Summary of Council decision:
Two issues were investigated, of which one was Upheld and one was Not upheld.
Three TV ads for Google, were seen on Channel 4:
a. The first TV ad, with clock number AVV/GOOG001/210, was three and a half minutes long, and was scheduled during an ad-break of the screening of the TV programme ‘Taskmaster’. It had the word #ad superimposed on the bottom right of the screen for the whole duration. The advert featured Alex Horne, the regular host of the programme and two celebrities, Al Murray and Desiree Burch, who were given a task to complete in a similar style to the programme. This required them to “teach the teacher how to make an origami boat”. During the task the celebrities received a phone call from the host informing them that using Google’s ‘translate’ feature on their mobile phone’s may assist them in the task. They both proceeded to use this feature, alongside the ‘Google Lens’, an image recognition technology feature. At the end of the ad the Google logo appeared on the screen.
b. The second TV ad was an edited thirty-second version with some content similar to ad (a). The Google logo was briefly visible on the screen at the start of the ad, followed by the Taskmaster logo. The text “#ad” appeared on the bottom right of the screen for approximately three seconds before it disappeared. The ad referenced the Google Translate feature, and briefly showed the Google Lens feature. The ad was made up of brief clips in the style of a trailer and text on the screen encouraged viewers to find out “Who built the best boat? www.youtube.com/google.co.uk” with the Google logo shown below the text.
c. The third TV ad was thirty seconds long and related to a Taskmaster task entitled “Who ate the Malina quickest?”. The Google logo was briefly visible on the screen at the start of the ad, followed by the Taskmaster logo. The word “#ad” appeared on the bottom right of the screen for approximately three seconds. The same two celebrities were seen to use Google Translate and Google Lens in order to try and solve the puzzle.

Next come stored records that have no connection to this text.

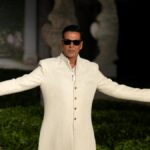 akshay-kumar-makes-trendy-return-to-the-runway-after-years,-exudes-his-allure-in-falguni-shane-peacock’s-majestic-white-sherwani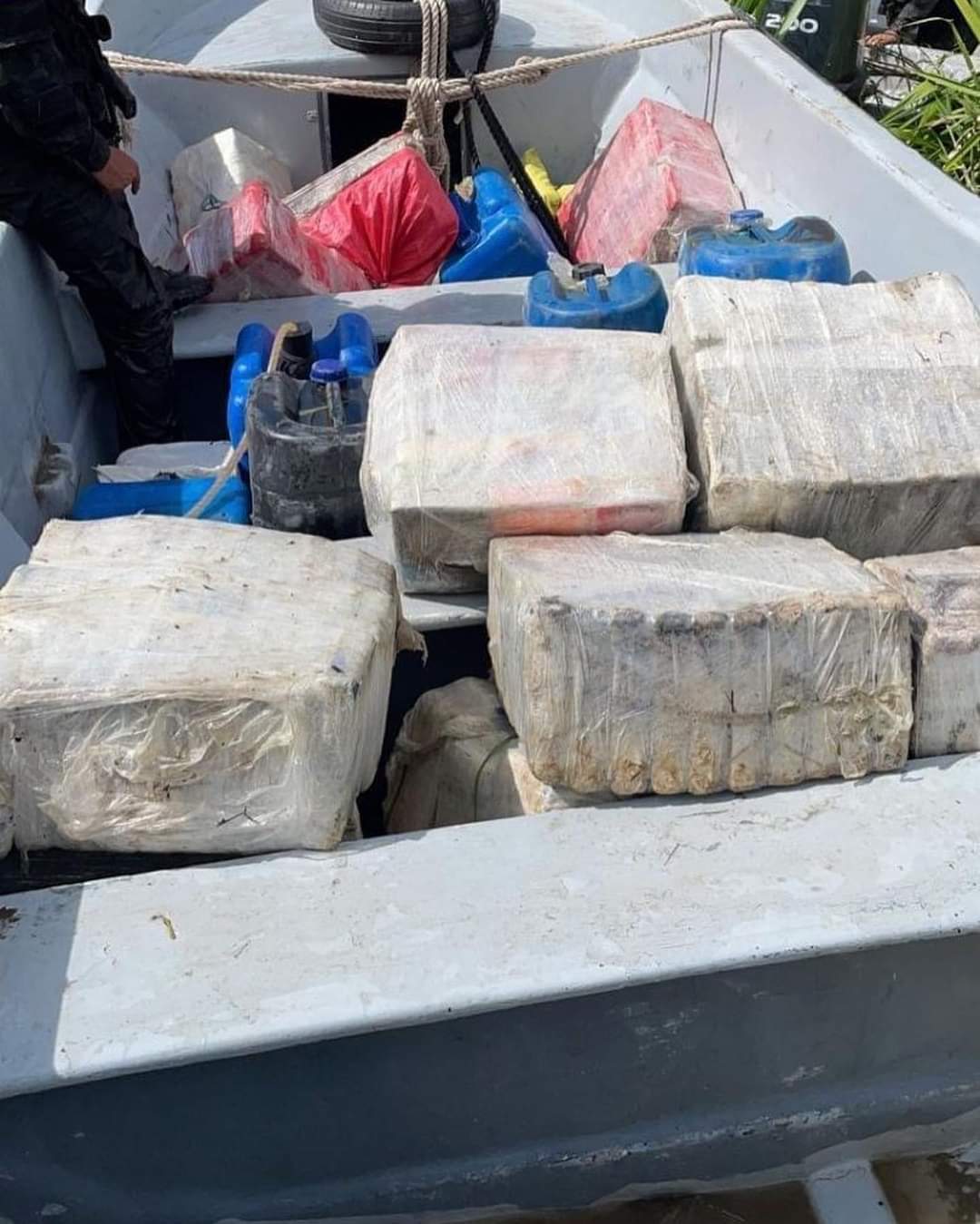 En posesión de 13 fardos de droga capturan a siete personas en Atlántida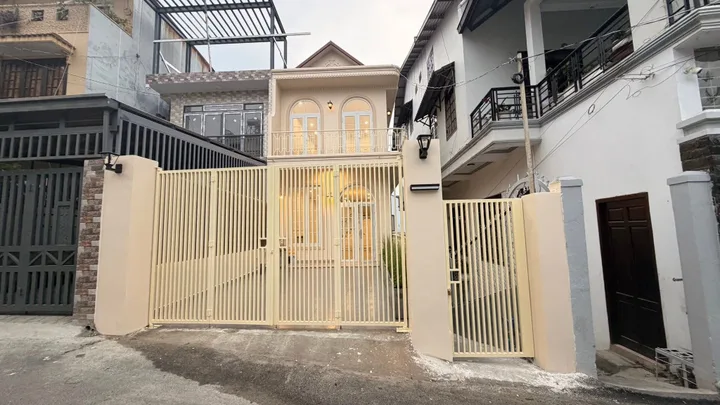 Bán Nhà riêng 121m2, 10 tỷ, 3 tầng, 6 phòng ngủ tại Đường Phù Đổng Thiên Vương Phường 8 Thành phố Đà Lạt Lâm Đồng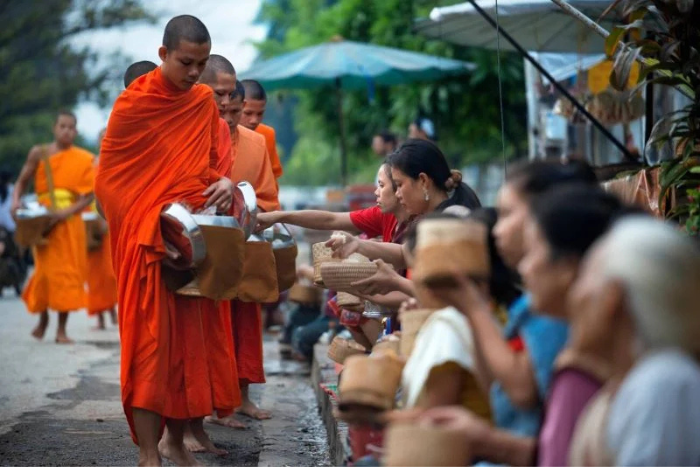 Que faire à Luang Prabang? Explorer la cérémonie traditionnelle du Tak Bat, une pratique spirituelle emblématique du Laos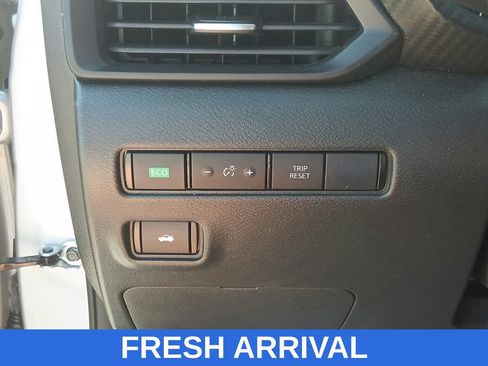 Used 2023 Nissan Sentra S FWD image 30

The ad was made up of brief clips in the style of a trailer before it finished with text on the screen encouraging viewers to find out “Who ate the Malina quickest? www.youtube.com/google.co.uk” with the Google logo shown below the text.
The complainants challenged whether:
1. ad (a); and
2. ads (b) and (c) were obviously distinguishable from the Taskmaster television programme.

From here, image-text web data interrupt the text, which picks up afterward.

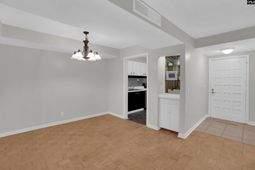 57 Royalgate Drive photo 4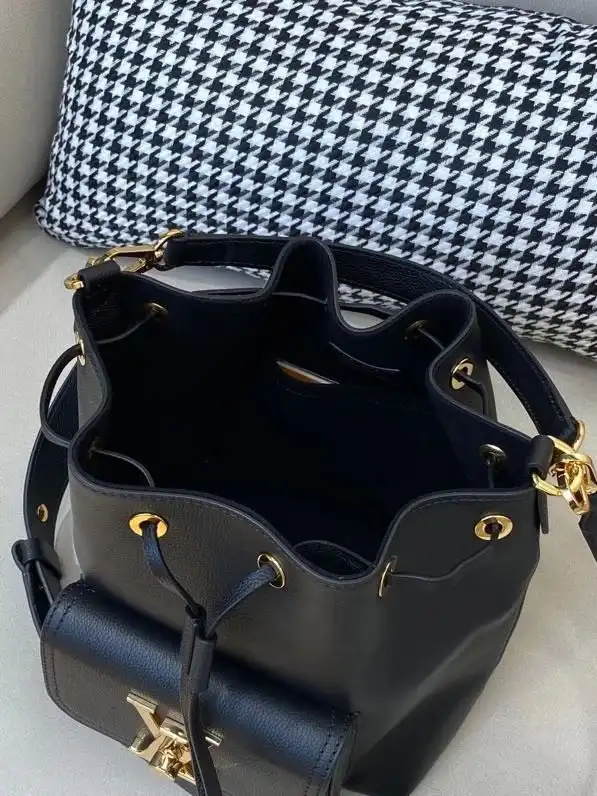 First bag ru LOUIS VUITTON LOCKME BUCKET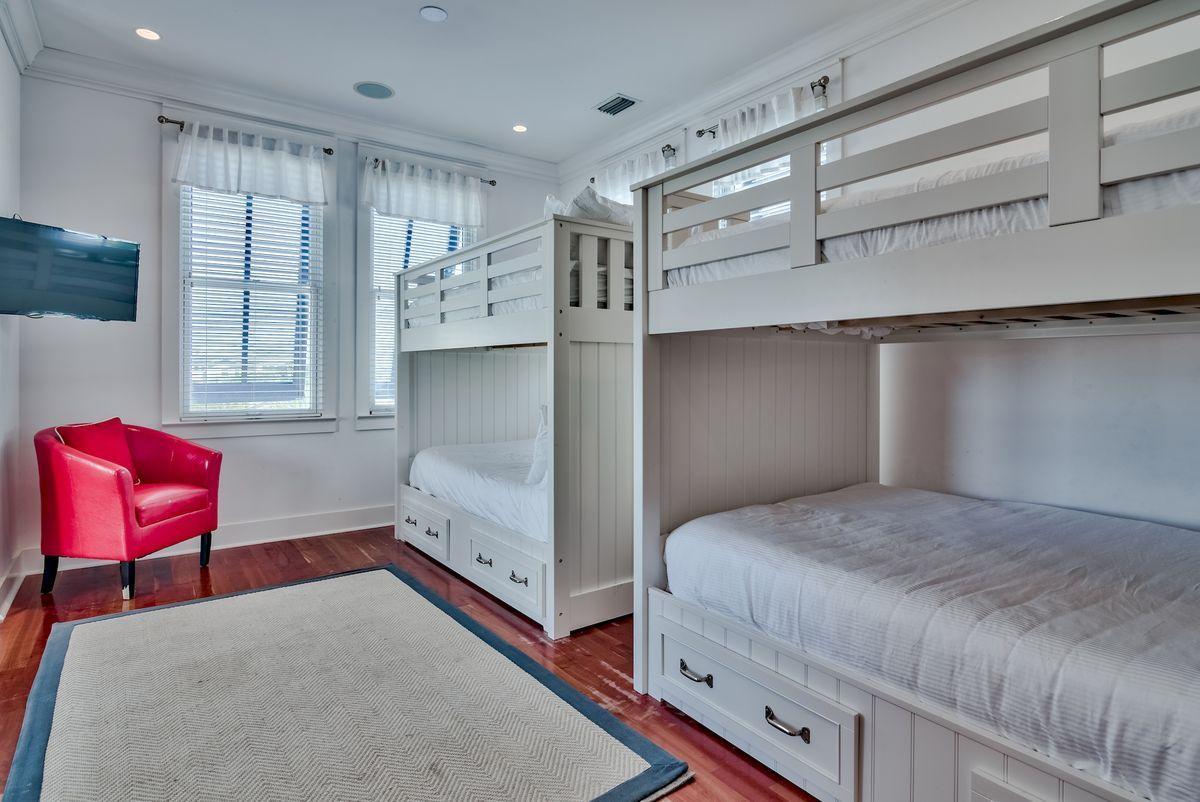 Frangista Beach - Residential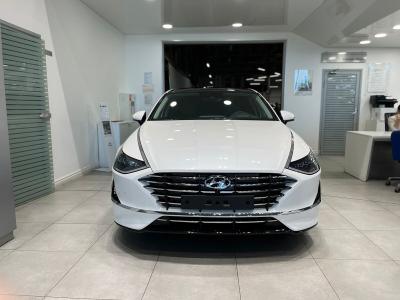 Автомобиль Hyundai Sonata, 2.5 л, передний привод, АКПП, бензин в наличии в Краснодаре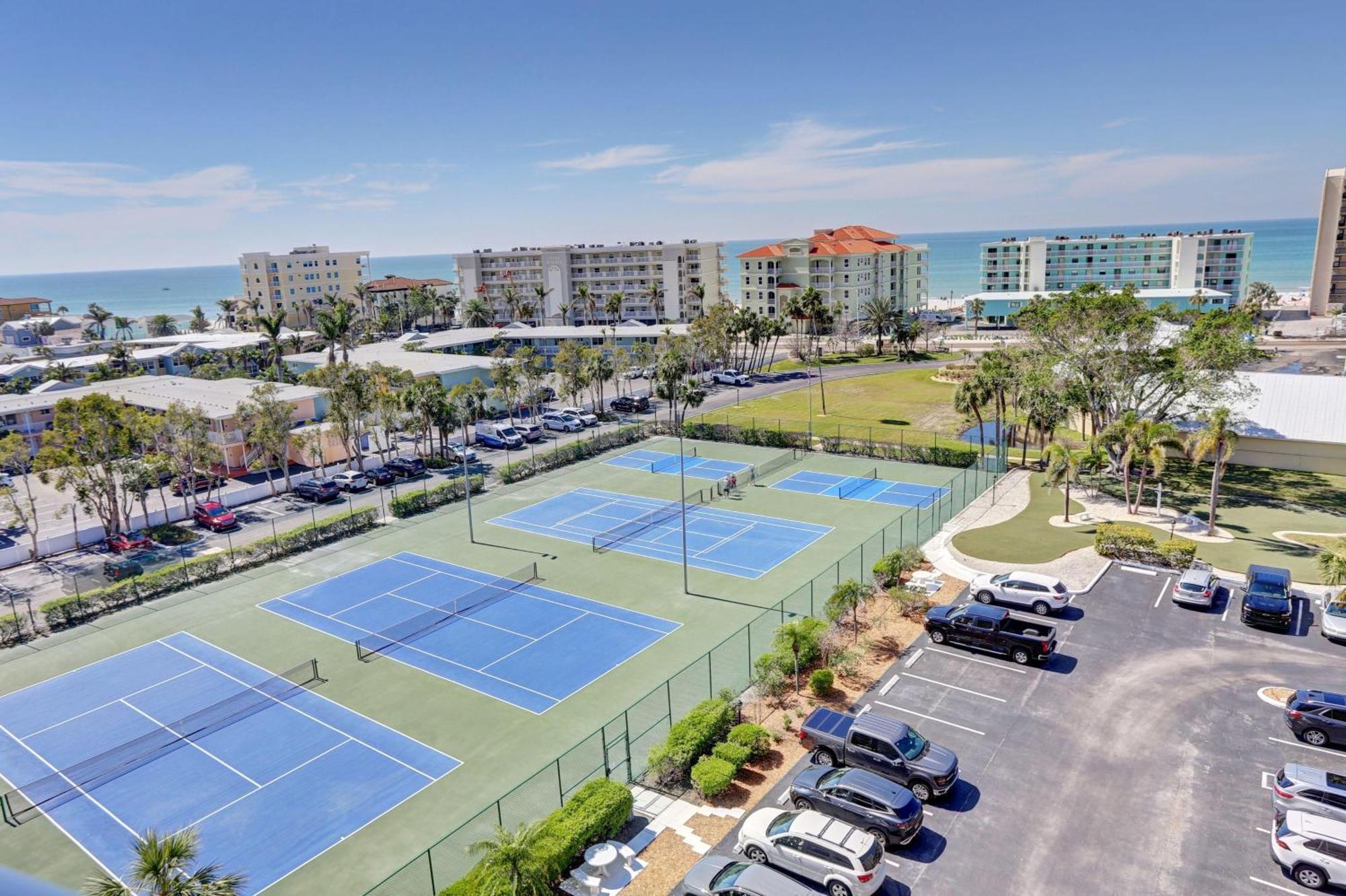 Bayshore Yacht & Tennis 216 Clearwater Beach Exterior photo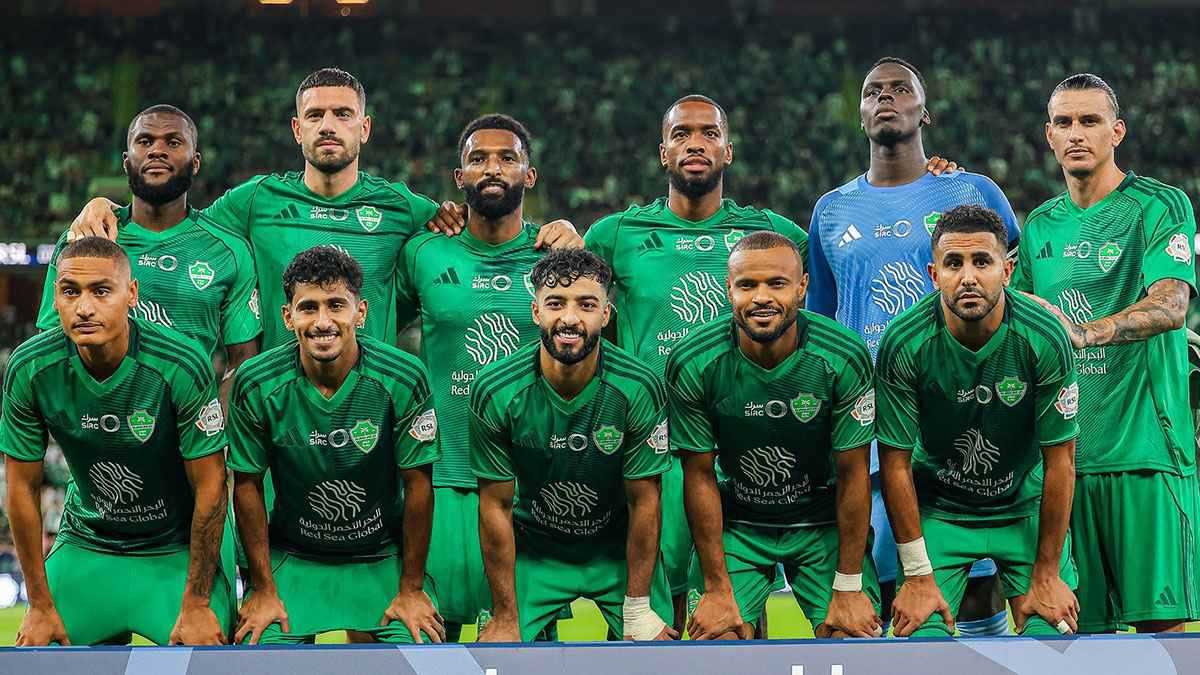 تشكيل الأهلي أمام الأخدود.. يايسله يدفع بقوة هجومية لتعزيز موقع الفريق في الدوري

1. Google UK Ltd said ad (a) was "in the style" of the Taskmaster show, and therefore they took extra care to ensure it met the requirements of BCAP rule 2.1. They said the universally accepted signifier “#ad” was clearly displayed on-screen for the entire duration of the ad. Google said the superimposed text was displayed in a font type and size that was clearly visible to viewers, contrasted well with the background it appeared against, and exceeded the minimum recommended font height for superimposed text. Google said whilst ad (a) did not open with a Google logo, the enduring presence of the “#ad” text coupled with the end card of a white screen, with nothing but the Google logo displayed on it, made it clear that the entire video was an ad, and was entirely separate and distinguishable from the Taskmaster programme itself.

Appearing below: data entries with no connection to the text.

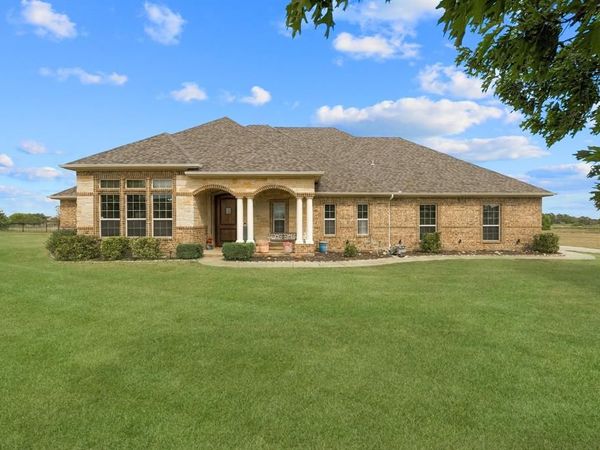 1066 Canyon Lake Road, Wills Point, TX 75169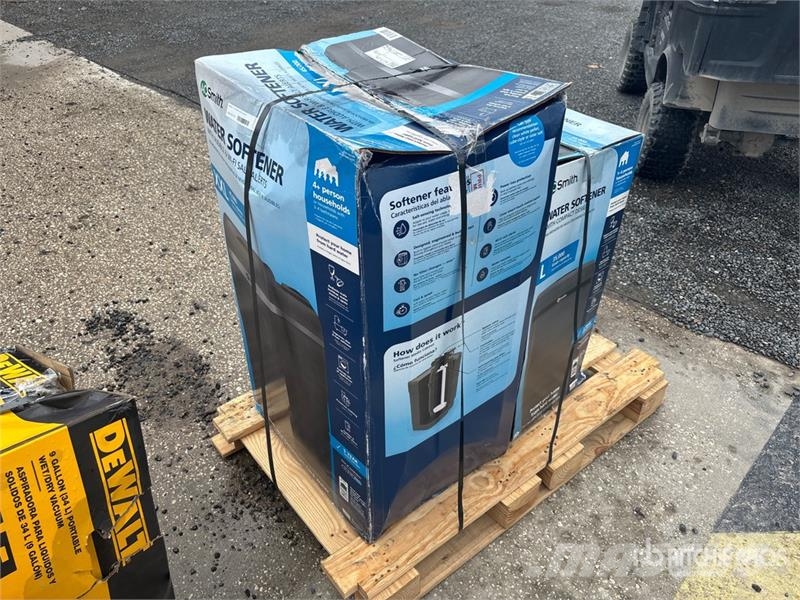  Quantity of (2) A.O. Smith Water Softeners (Unused Sonstige Landmaschinen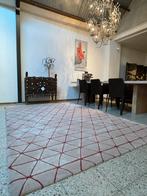 Leolux Girisha Red tapijt 2x 3 m, Huis en Inrichting, Stoffering | Tapijten en Kleden, Rechthoekig, Ophalen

Channel Four Television said that ad (a) featured a phone with Google Translate on screen at the start as well as “#ad” in the bottom-right corner of the screen throughout, clarifying to viewers that it was distinguishable from editorial content. They said the background music and assistive technology used in the ads had never featured in the programme. They said the task was evaluated by Alex Horne at the end of ad (a) and therefore resolved much quicker than in the programme, where the task analysis was taken back to the studio with each contestant being evaluated and scored by another presenter - Greg Davies, the Taskmaster. They said Taskmaster was a well-established programme with twelve series and the same celebrity contestants in each episode of a series. They highlighted that the contestants used in the ad - Al Murray and Desiree Burch - were not a combination of contestants that had ever appeared together during the programme and Al Murray had not appeared during the programme during which the ad was shown.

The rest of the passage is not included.